出品方为《洛克王国2》准备的200万份促销纪念品,随着电影热映,两天内赠送一空。
陈英杰觉得,“这对电影促销来说很正常,海报上都说了,先到先得,赠完就完了。”但就是这个“小事”,却让腾讯和发行方产生了“激烈的冲撞”。
腾讯坚持用户体验第一,希望用三天时间做新的促销物料准备,使每个到电影院的孩子都能得到一个纪念品。
“我说,最快也要七八天,三天不可能。你腾讯公司不能说什么是什么,没有这样的案例。”陈英杰回忆说,当时合作的发行公司有些“恼”了。
腾讯互娱团队在三天内想出了解决办法:只要观众说出曾在哪家影院观影,就可以用QQ号申请一个赠品,7天内补发。
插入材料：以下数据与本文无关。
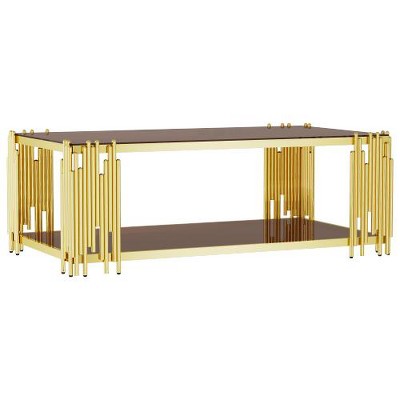 Stainless Steel Rectangle Coffee Table for Living Room 51.18" Modern Center Table with 8mm Gold Leg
《洛克王国2》的票房是7000万元,腾讯送出了超过1000万个主题道具。
“传统电影的投资人看的是票房,关心怎样把人往电影院里赶,追求的是最终的盈利。腾讯关心的是,怎样不让孩子失望。”此后陈英杰告诉他所有的合作伙伴,“如果你要做一个儿童影视产品,千万记住,这个用户长大以后会成为你潜在的客户。”
《洛克王国》被程武称为“前期小规模的单项目尝试”,这个尝试印证了“泛娱乐”是一条合理的路径。
这款“妈妈设计给孩子玩”的线上社区,舍弃了网络游戏常用的道具等收费模式,每月10元封顶。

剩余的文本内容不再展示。